**Data below:**
○ ○ ○ ○ ○
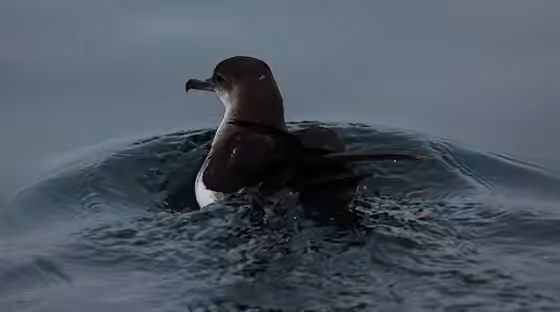 Dokumentasi Puffinus opisthomelas
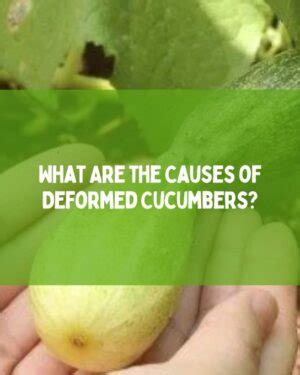 Cucumber Allergy: Symptoms, Rash, and Treatment - Happiness Cucumber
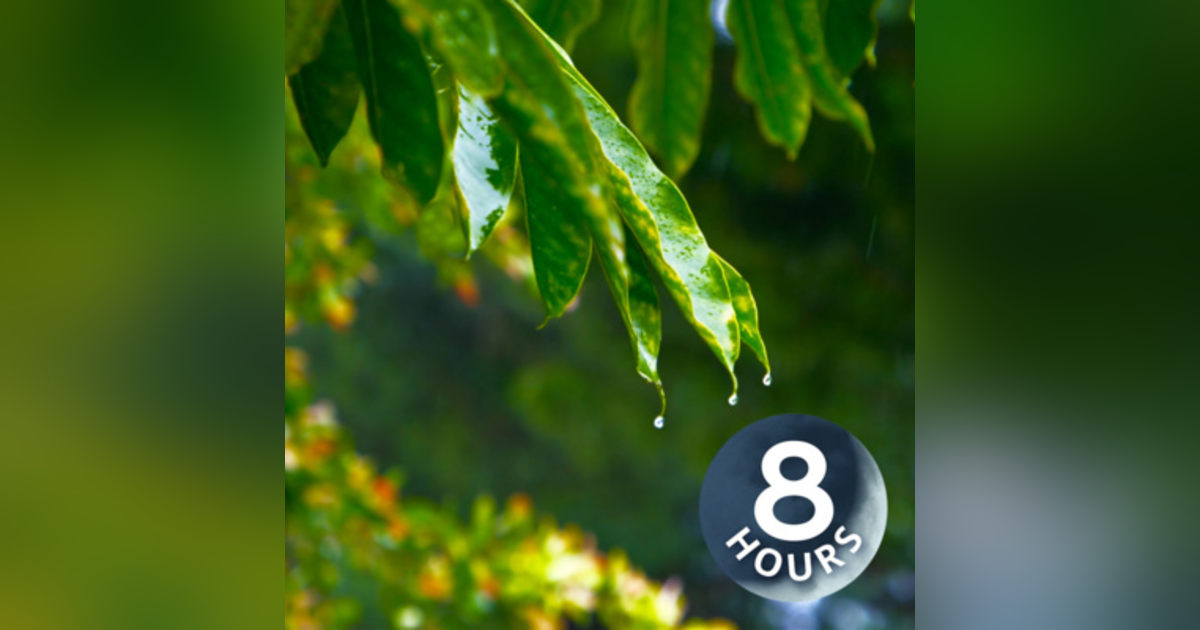 Raindrops Sounds for Sleeping or Studying with Wind White Noise 8 Hours Raindrops Sounds for Sleeping or Studying with Wind White Noise 8 Hours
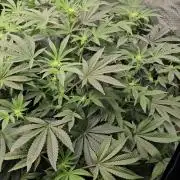 London pound cake x jealousy x zowahh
○ ○ ○ ○ ○
**Task instructions:** Repeat the material line for line. Pictures stay out of the copy.

**Solution:**
 Dokumentasi Puffinus opisthomelas
 Cucumber Allergy: Symptoms, Rash, and Treatment - Happiness Cucumber
 Raindrops Sounds for Sleeping or Studying with Wind White Noise 8 Hours Raindrops Sounds for Sleeping or Studying with Wind White Noise 8 Hours
 London pound cake x jealousy x zowahh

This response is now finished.